Recientemente visité Arles junto con una amiga que no conocía a Van Gogh ni a los impresionistas y no comprendía mi entusiasmo por visitar los rincones inmortalizados por el trágico artista holandés. La falta de conexión se repitió al día siguiente, en la Maison Carrée y el Anfiteatro de Nîmes. Mi acompañante ni manejaba las coordenadas básicas del imperio romano ni se dejaba conmover por la belleza y el valor histórico y arquitectónico de estas joyas de la Provenza.
No sé si su experiencia se vería empobrecida por la falta de referentes culturales o si simplemente sería distinta, pero presiento que para valorar lo bello se requiere un acervo determinado. Y también una disposición: no cualquiera sucumbe al síndrome de Stendhal, porque no cualquiera se anima a esperar varias horas el turno para entrar en la Galería Uffizi.
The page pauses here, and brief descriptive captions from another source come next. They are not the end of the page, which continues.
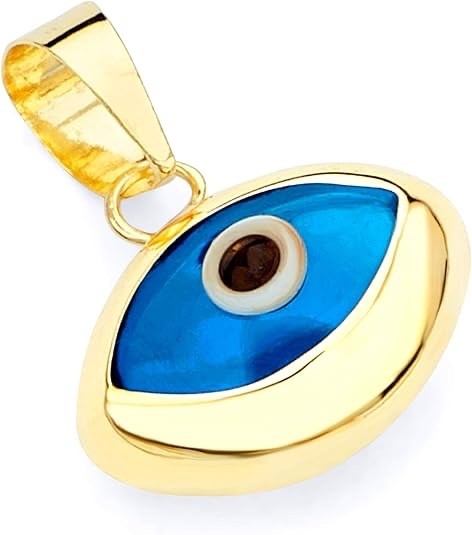 14k Solid gold 15mm / 0.59″ blue murano glass evil eye pendant, 14k gold – PT452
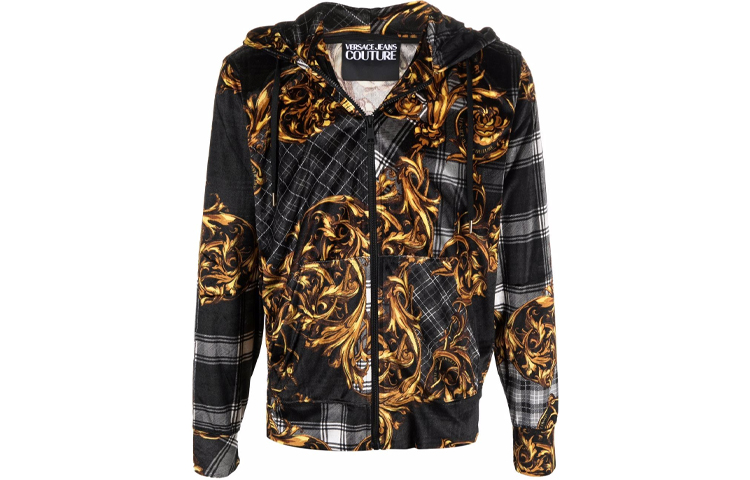 Versace FW21 Baroque Print Zip-Up Sweatshirt Jacket Men’s Black E71GAI3Z6E-JS022-G80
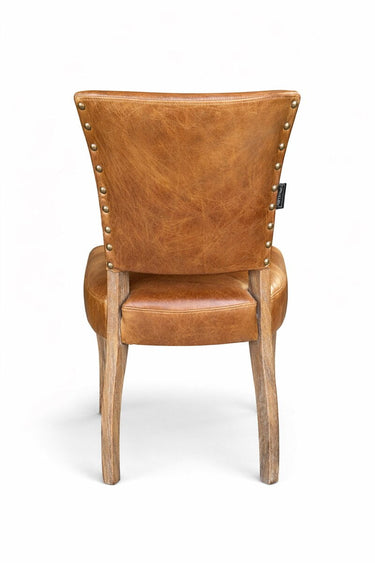 Derringer Aged Leather Dining Chair – Cognac at Online8 Furniture Auckland NZ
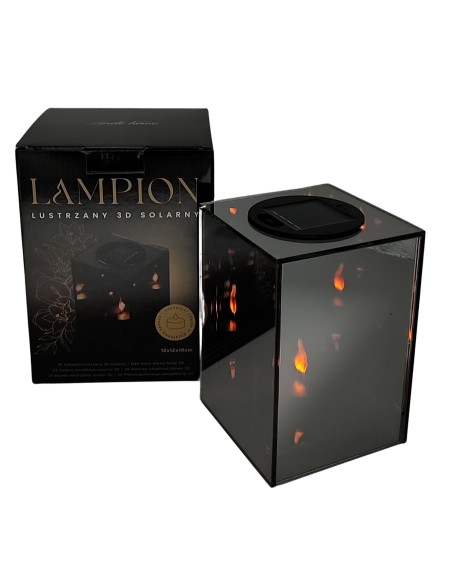 LINDO HOME 3D-Solar-Spiegellaterne LED-Würfel 18 cm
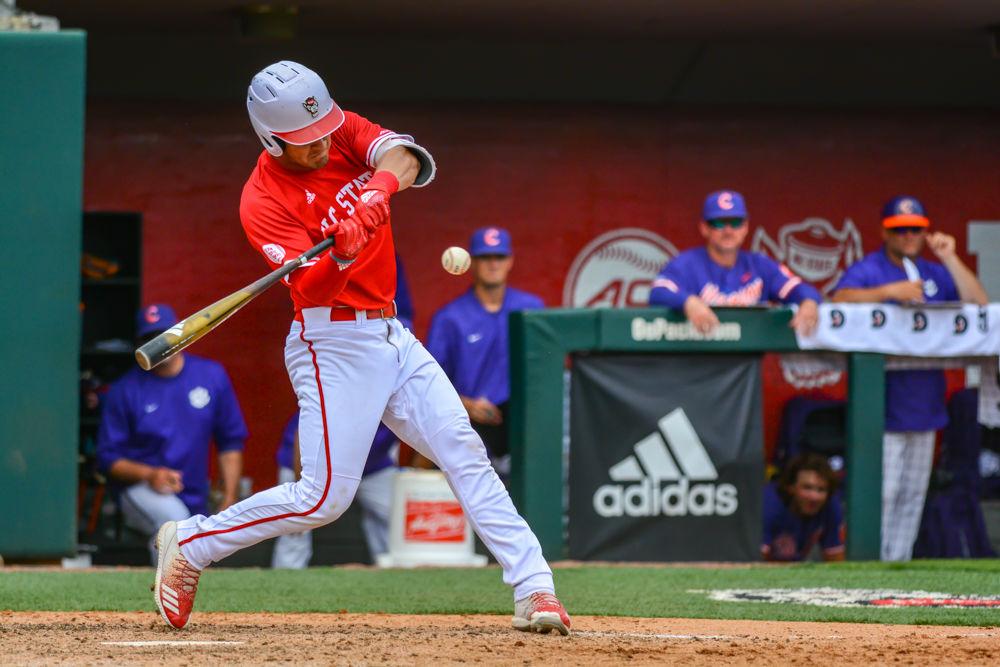 Freshman catcher/outfielder Luca Tresh takes a swing against Clemson on Saturday, May 11, 2019 at Doak Field. Tresh went 0-2 with two strikeouts and one walk in the Wolfpack&#8217;s 4-3 loss.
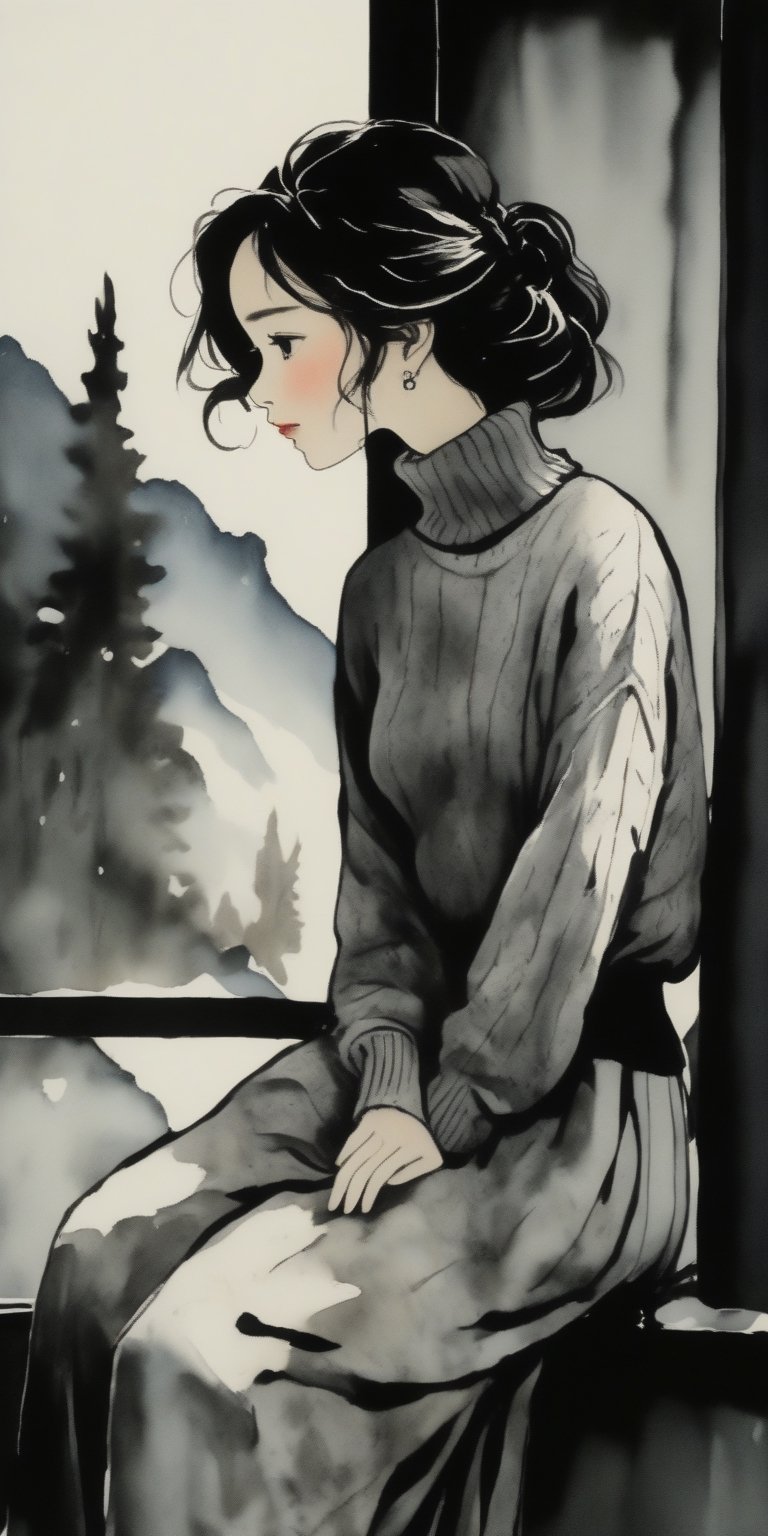 masterpiece, high quality, 8K, high_res, ink lines and watercolor wash,
homemade photoshot, melancholy embience, beautiful girl sits on the windowsill and looks out the window, loose knitted turtleneck sweater, monochrome picture, sad, beautiful, elegant, very detailed, establishing shot, The winter forest is visible from the window,chinese ink drawing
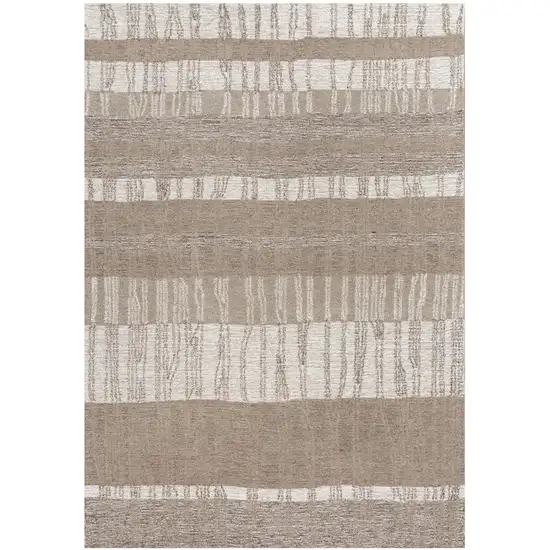Brown And Natural Wool Striped Hand Tufted Area Rug Photo 1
El tiempo dedicado a la lectura, al ocio o a la televisión va determinando nuestros gustos, nuestras afinidades y nuestras motivaciones. En su libro Historia de la Belleza, Umberto Eco añade que para apreciar la belleza “también desempeñan un papel importante las cualidades del alma y del carácter”.
Cuando se comprueba que la llamada telebasura cuenta con los mayores índices de audiencia, surgen el desánimo y el desconcierto. ¿Acaso no hay nada más que ver o hacer? ¿Por qué la oferta de opciones culturales y recreativas parece no calzar con la demanda de banalidades y enajenaciones?